I first met Big Tom, appropriately,
at Cheatham Street Warehouse. I learned over time, mostly from other folks,
that although he had seen untold thousands of bands and artists over the years
at just about any venue one could name, Cheatham was pretty much sacred ground
to Tom. Tom wasn’t a musician or songwriter, but the man knew great art when he
heard or saw it. Retroactively, it boosts my confidence level a thousand fold
to know that Tom dug my songs. At the time I met him, I had no idea who he was.
I’d only recently begun hitting up Cheatham, and was playing a happy hour gig there
when I caught sight of Missoula Slim in the audience with a mountain of a man
sitting next to him.
After I stepped offstage and was
kindly introduced, the conversation started. Three hours of solid gab (and a
few beers, well, I was drinking beer) later, I knew I had a new friend.
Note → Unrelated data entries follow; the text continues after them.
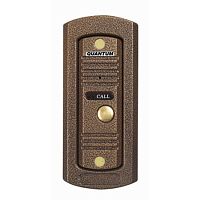 Вызывная видеопанель QM-305 (N) BRONZE бронза/AT-VD305N BZ Вызывная видеопанель QM-305 (N) BRONZE бронза/AT-VD305N BZ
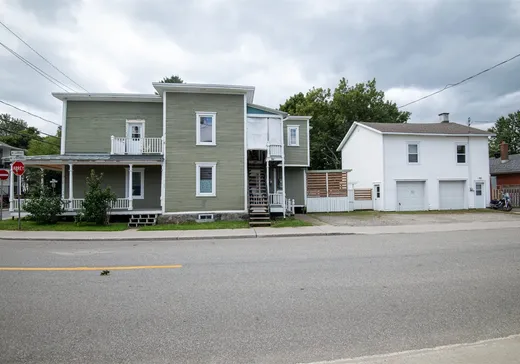 Triplex à vendre - 14 Rue Albert, Victoriaville, G6P3L4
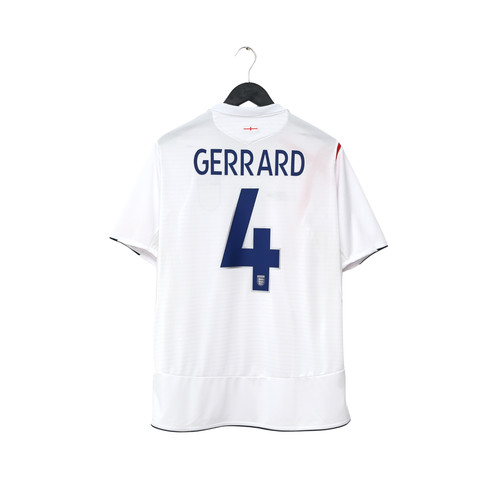 2005 gerrard 4 england - gerrard,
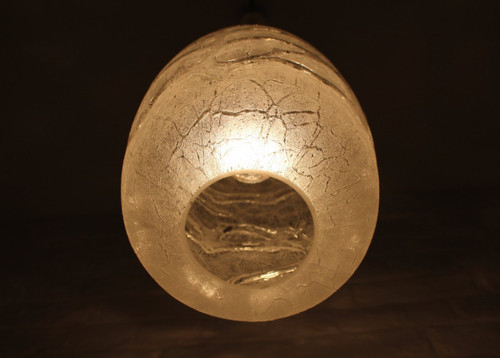 Frosted Glass Pendant Lamp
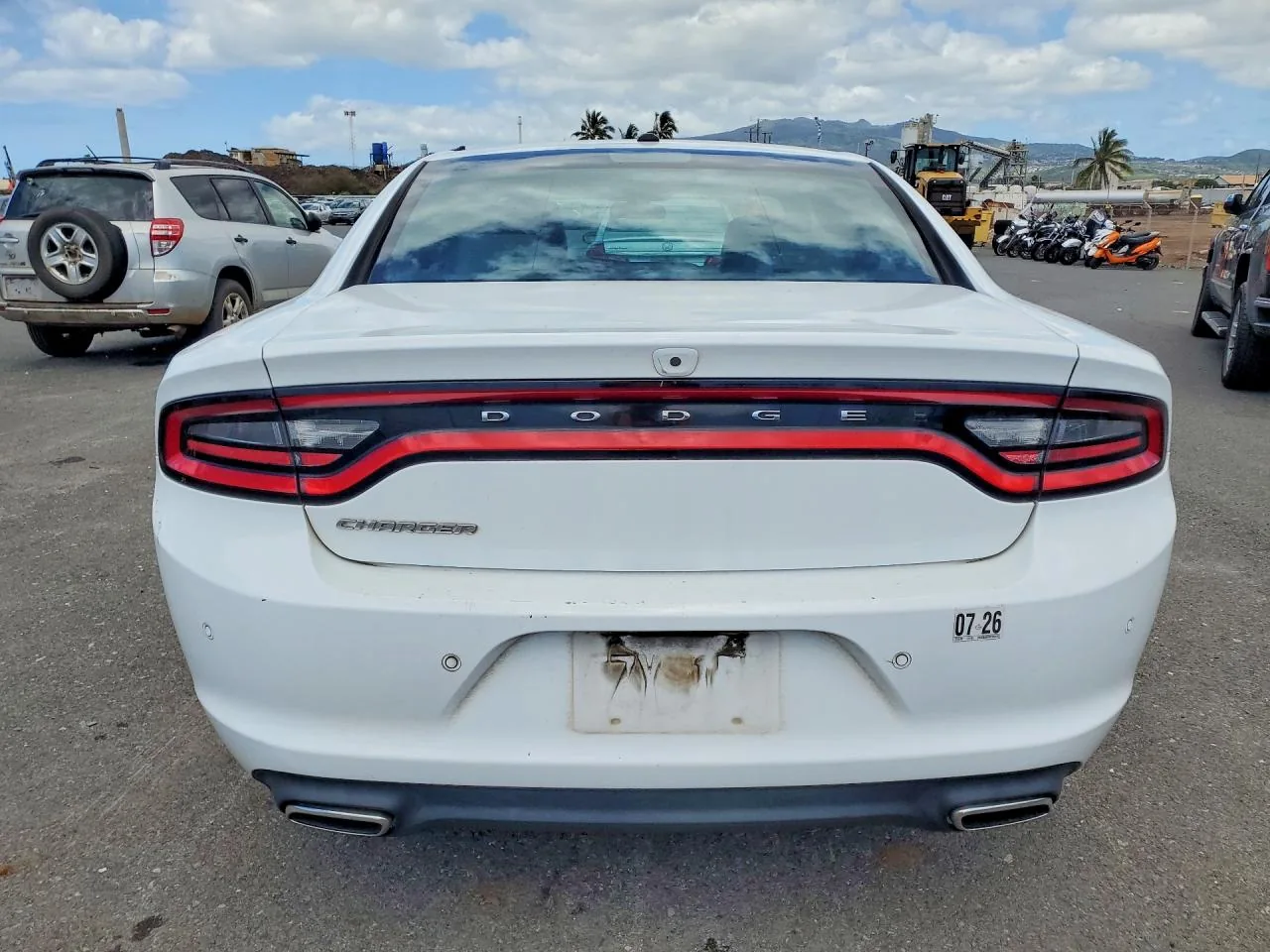 2021 Dodge CHARGER SXT Lot #47141876 thumbnail 11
It
wasn’t just music we talked about, either. I learned that he’d recently
recovered from some serious health issues and managed to quit drinking. I would
learn, over time, that his drinking prowess was legendary. I’m sure if I’d hung
out with him while he was still guzzling Shiner, my liver would still be
recovering.
Over the next few years, Tom would
book shows for me when I was passing through the magical Austin/San Antonio/New
Braunfels/San Marcos area, as well as in other locales, but he was more than a
booking agent, he was a good friend to hang with and the only person I’ve been
able to converse with on the phone for hours at a time. I’m not too adept with
chatting on the phone, and generally have to schedule blocks of time to return
calls. With Tom, I had to make sure I wasn’t doing anything for a few hours. He
was always excited about a new band or singer/songwriter he’d heard or saw, new
contacts for my benefit or full of talk about whatever politician was screwing
up (and screwing over constituents), and of course, there was the unbridled
enthusiasm for his beloved Green Bay Packers, which carried the devotion that
many folks only show toward their chosen deity. From that first night we hung
out, I knew there was a very, very good soul in Big Tom.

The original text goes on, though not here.